Semi-MDPs and RLlib: Problems where times to execute an action strongly vary

Hello RLlib community,

a reaseacher I work together made me aware of the following:
If the duration of executing an action strongly varies between various actions, then he suggested to discount for the length of executing the action (i.e. gamma^{time to execute action} instead of just gamma).
Correct me if I’m wrong, such a problem where actions can take different time to execute are known as Semi-MDPs (i.e. length of timesteps is irregular). As far as I know, RLlib interally handles all steps regardless of their actual lengths/durations as “one single step” and doesn’t account for the described problem.

So my question is, can RLlib also account for this problem (Semi-MDPs)? Or do you think one can ignore this fact and treat Semi-MDPs just as standard MDPs? Any experiences or suggestions?

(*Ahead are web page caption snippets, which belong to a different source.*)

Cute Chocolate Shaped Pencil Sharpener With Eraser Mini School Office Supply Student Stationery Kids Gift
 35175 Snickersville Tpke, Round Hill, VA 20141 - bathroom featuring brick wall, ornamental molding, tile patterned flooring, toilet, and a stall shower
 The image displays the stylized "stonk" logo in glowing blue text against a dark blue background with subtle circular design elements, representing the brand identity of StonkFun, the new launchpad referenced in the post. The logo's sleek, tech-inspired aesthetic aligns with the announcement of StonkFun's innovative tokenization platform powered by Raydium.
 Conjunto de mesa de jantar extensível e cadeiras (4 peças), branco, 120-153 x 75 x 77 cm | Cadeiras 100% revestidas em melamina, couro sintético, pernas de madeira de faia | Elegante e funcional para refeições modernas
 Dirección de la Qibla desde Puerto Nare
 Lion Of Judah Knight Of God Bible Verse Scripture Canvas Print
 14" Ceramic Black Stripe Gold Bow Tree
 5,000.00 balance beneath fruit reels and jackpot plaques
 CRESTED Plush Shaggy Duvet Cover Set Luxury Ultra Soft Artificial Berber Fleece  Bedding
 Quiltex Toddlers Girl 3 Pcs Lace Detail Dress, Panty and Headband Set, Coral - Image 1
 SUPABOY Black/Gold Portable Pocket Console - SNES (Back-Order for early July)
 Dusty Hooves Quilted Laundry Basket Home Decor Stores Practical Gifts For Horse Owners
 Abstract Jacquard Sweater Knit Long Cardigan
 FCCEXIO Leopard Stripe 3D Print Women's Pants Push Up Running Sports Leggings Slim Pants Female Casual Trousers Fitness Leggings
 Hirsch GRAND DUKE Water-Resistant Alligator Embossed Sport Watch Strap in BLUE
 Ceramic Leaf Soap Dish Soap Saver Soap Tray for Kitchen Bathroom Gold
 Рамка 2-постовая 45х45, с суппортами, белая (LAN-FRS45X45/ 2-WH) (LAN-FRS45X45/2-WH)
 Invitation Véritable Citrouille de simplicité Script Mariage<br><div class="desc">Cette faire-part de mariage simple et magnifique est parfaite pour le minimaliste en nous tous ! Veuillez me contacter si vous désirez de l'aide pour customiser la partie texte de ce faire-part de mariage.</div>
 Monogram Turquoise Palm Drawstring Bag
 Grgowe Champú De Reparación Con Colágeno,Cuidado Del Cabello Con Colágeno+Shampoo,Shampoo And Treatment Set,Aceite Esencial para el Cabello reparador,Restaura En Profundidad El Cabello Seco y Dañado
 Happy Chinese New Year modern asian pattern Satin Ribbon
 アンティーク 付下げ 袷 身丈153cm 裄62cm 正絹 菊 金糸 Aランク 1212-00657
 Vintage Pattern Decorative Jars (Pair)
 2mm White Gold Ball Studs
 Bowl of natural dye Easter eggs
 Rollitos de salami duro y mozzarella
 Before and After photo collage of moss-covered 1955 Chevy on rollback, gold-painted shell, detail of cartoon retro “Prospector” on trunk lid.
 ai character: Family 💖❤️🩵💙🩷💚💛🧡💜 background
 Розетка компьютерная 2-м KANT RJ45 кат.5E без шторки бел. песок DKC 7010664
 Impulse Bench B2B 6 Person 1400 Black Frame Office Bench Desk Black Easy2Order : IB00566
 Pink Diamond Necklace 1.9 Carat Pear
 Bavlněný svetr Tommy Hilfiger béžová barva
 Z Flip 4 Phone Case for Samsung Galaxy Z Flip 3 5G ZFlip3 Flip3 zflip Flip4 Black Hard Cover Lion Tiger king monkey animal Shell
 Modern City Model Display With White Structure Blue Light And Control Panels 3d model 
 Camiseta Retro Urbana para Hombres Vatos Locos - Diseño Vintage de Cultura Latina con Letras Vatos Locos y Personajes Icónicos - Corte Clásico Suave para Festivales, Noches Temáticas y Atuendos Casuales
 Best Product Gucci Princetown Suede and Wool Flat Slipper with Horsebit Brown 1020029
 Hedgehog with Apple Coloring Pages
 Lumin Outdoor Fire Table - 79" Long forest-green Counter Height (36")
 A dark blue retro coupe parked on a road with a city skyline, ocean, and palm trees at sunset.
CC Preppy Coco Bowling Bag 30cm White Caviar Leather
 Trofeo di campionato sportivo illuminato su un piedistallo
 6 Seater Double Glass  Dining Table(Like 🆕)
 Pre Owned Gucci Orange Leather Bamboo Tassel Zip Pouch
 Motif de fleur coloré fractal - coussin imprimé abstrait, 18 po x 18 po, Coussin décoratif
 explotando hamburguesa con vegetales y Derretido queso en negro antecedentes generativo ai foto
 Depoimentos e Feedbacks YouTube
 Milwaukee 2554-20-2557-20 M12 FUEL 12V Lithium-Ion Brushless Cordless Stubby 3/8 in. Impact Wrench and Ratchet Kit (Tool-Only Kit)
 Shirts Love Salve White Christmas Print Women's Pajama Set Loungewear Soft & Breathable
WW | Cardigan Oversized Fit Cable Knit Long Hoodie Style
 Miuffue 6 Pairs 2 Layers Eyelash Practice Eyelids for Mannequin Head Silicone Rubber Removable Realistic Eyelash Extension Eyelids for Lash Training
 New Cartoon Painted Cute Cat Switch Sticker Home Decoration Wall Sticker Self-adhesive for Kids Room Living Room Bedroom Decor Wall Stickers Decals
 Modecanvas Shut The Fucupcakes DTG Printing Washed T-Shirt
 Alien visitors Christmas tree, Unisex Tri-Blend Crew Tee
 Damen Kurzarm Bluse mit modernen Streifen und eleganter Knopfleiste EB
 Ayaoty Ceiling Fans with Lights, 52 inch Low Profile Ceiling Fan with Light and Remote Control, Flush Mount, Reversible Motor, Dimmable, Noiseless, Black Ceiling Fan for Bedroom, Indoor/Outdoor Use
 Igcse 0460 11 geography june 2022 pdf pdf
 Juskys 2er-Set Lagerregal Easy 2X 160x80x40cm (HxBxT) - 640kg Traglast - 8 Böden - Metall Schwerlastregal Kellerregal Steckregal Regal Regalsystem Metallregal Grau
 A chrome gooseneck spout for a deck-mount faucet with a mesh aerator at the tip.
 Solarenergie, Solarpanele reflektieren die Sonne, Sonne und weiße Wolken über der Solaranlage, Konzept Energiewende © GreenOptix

PS: In case of PPO, I suppose that changes might be required in compute_advantages in postprocessing.py and also information about the time to execute actions has to be carried along ((s, a, r, s’) → (s, a, d, r, s’) where d=duration of executing an action).

1 Like

Hey @klausk55 , great questions and thanks for describing this interesting problem.
Yes, that’s exactly correct: RLlib pretends that we have discrete time steps w/o any difference in the time-deltas between actions. Yes, you could “fix” the rewards afterwards in postprocess_trajectory (via overriding the on_postprocess_trajectory in your custom callback object; see: ray.rllib.examples.custom_metrics_and_callbacks.py) and in there changing the “rewards” key in the incoming batch. But yes, for that you’d need the time-deltas somewhere, like in the “infos” dicts coming from the env? Or are part of the observations?

1 Like

Hey @sven1977, if I get you right then you would simply suggest to discount the rewards by their corresponding time-deltas (i.e. r_i*gamma^d_i where d_i time-delta for reward r_i) in the postprocessing of a trajectory.
If so, this should be equivalent to immediately discount rewards by their corresponding time-deltas before returning them from the env, isn’t it? Of course, I have to know the time-deltas otherwise I won’t be able to do this.

If there is no mistake in my line of thinking, would this approach be enough to tackle Semi-MDPs?